Administrative costs of $226,108 were incurred in the period ended March 31,
1999 while costs for the quarter ended March 31, 1998 were 69 per cent higher
at $381,835. Costs in the quarter ended March 31, 1999 included salaries and
office costs of $160,134, legal fees of $38,321, shareholder and regulatory
costs of $16,023 and travel amounting to $11,630. The substantially higher
costs in the prior year period reflect the inclusion of the Development
functional costs as well as a higher activity level than in the current year
when the staff was focused on completing the reverse acquisition and preparing
for the financing completed in the second quarter.

Other Costs and Expenses:

Other costs during the quarter ended March 31, 1999 include amortization of
$5,259 and a one-time gain on settlement of debt of $203,566, the latter
related to terms negotiated with the vendors and creditors at the time of the
acquisition. In the prior year period, amortization amounted to $10,200.

Net Loss for the Period:

In both three month periods, the Company experienced losses due to its
early stage of operations. In the period ended March 31, 1999, the loss
amounted to $182,023 which is substantially less than that incurred in the
prior year period of $590,531. The lower loss in the current period reflects
reduced operating costs ad the benefit of the liability settlement negotiated
as part of the acquisition transaction.

Basic loss per share was $0.05 which was lower than for the prior year due to
the dilution resulting from the acquisition and financing issuances this year.
The basic loss per share for the comparable 1998 period was $0.17.

<PAGE>

Liquidity and Capital Resources:

As described fully in the Company's Form 10-SB filing submitted in the
second quarter, the Company completed its acquisition of Imagis-Cascade
Technologies Inc. in February issuing 3.5 million common shares in
conjunction with the acquisition, and completed additionally two
financings in the second quarter, a private placement of 608,214 common
shares at a per share value of $0.56 yielding gross proceeds of
$300,000, and a public offering of 2.4 million common shares at a per
share value of $1.23 for gross proceeds of $2,952,000. These funds were
used to repay cash obligations in the form of notes payable arising as
part of the acquisition amounting to $900,000 and a bridge loan of
$200,000 taken on prior to the acquisition closing to sustain the
Company to the closing of the public financing. The remainder of the
financing was available to support day-to-day operations of the Company.

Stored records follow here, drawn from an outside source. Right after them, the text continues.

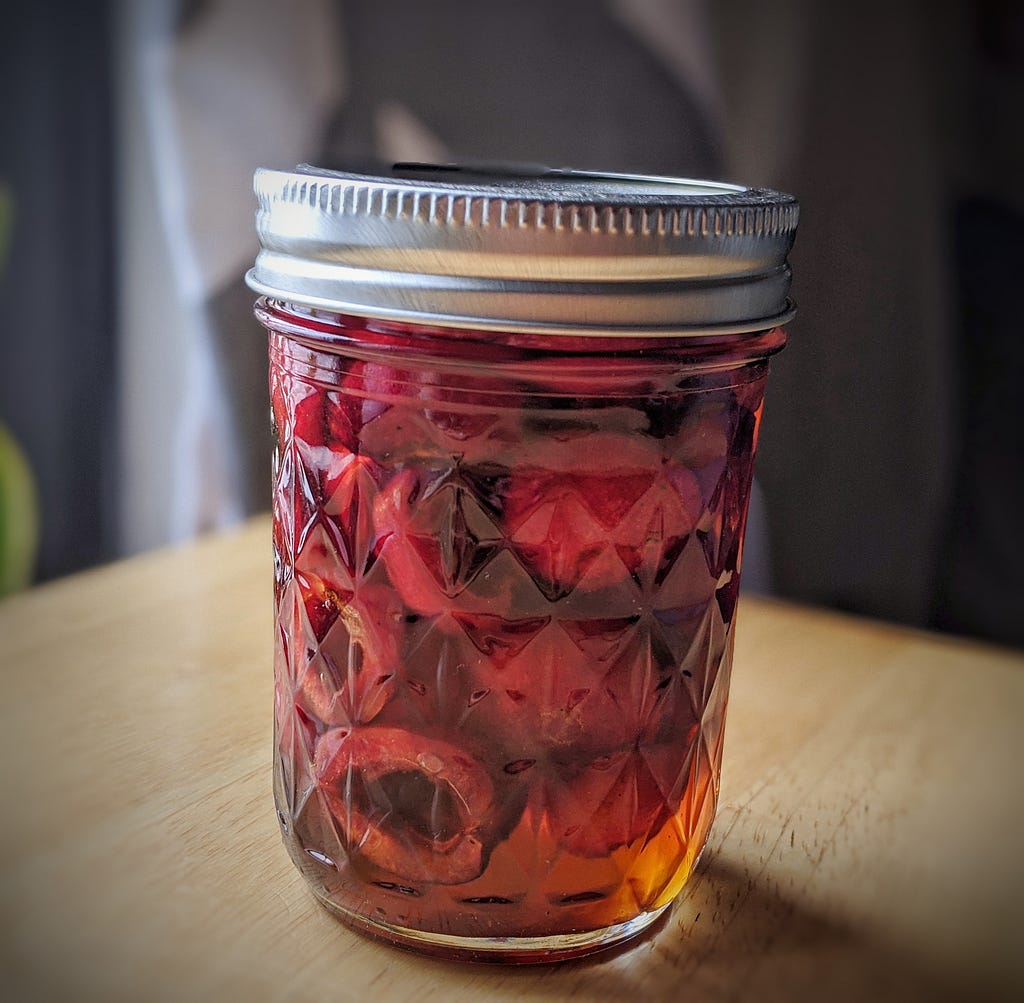 A mason jar filled with cherries and syrup.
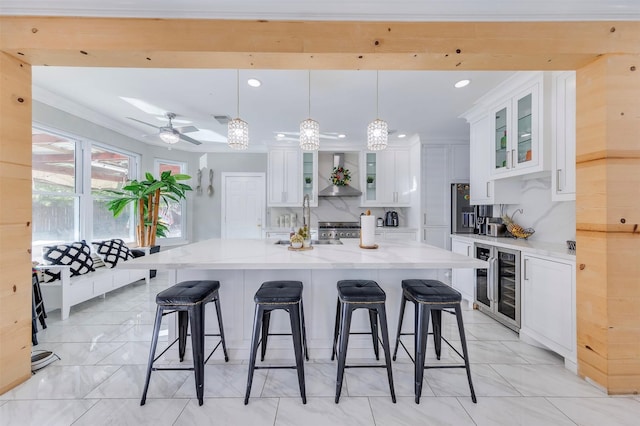 kitchen with white cabinetry, wall chimney range hood, wine cooler, a spacious island, and decorative light fixtures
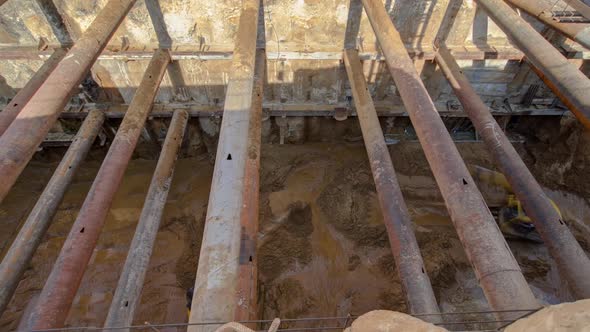 Huge Ditch Pit at the Construction Site of the Underground Metro Station Line Timelapse alt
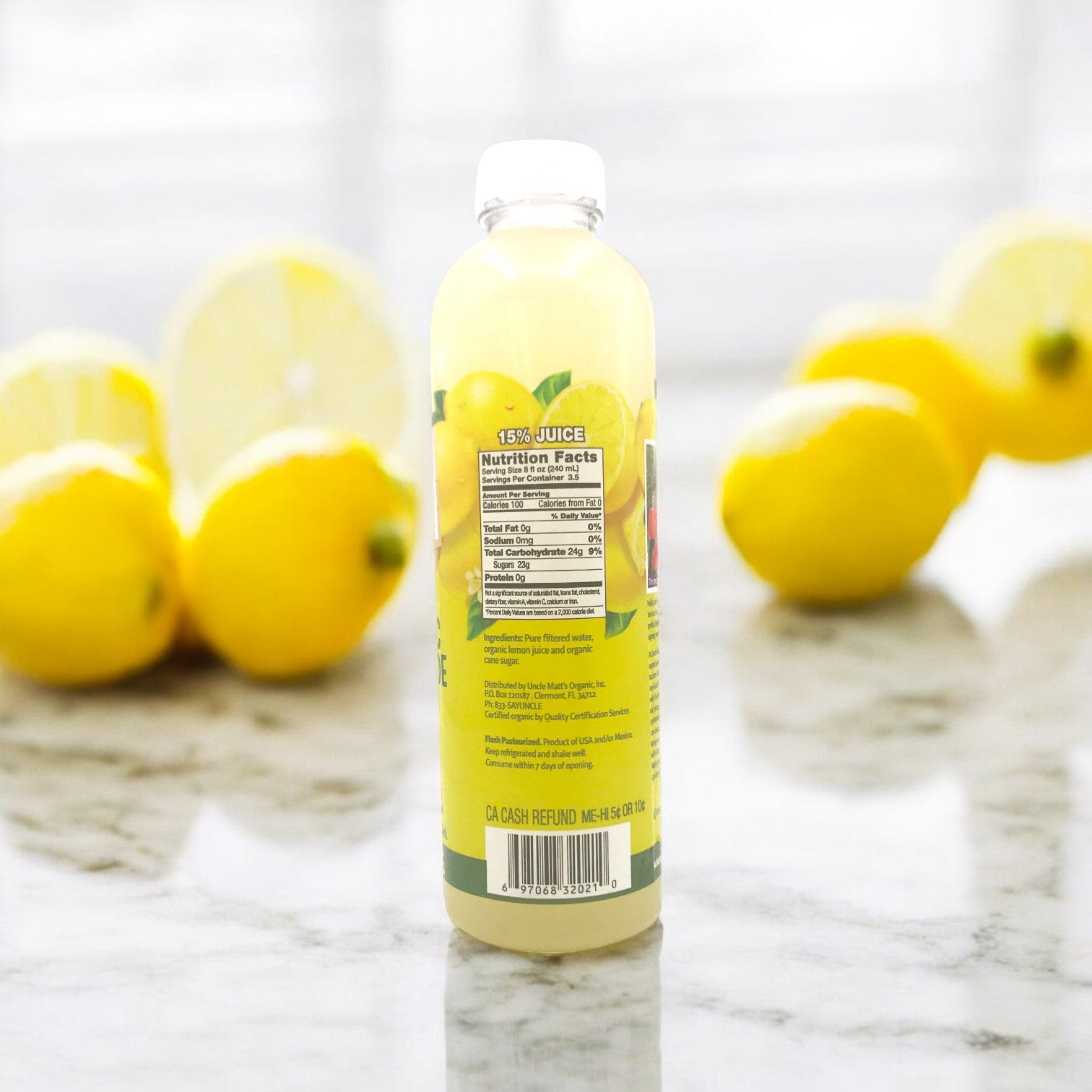 A bottle of Uncle Matt's Organic Lemonade, 12 oz, with a nutrition facts label is placed on a marble surface. Whole organic lemons are in the background, emphasizing the freshness of this No Sugar Added beverage from Uncle Matt's.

During the first quarter as a result of the acquisition transaction the
Company's financial position changed significantly in that additional
liabilities were taken on in the form of notes payable of $1,024,203 and
other working capital advances made by the vendor to sustain the
operations of $163,113. Acquisition and financing costs were also
incurred amounting to $313,500 and deferred pending the completion of
the financing. Offsetting and drawing down these interim contributions
to strengthen the Company's cash position was the loss for the period of
$182,023, an increase of accounts receivable of $175,230 and a
significant pay down of the current liabilities of $626,136.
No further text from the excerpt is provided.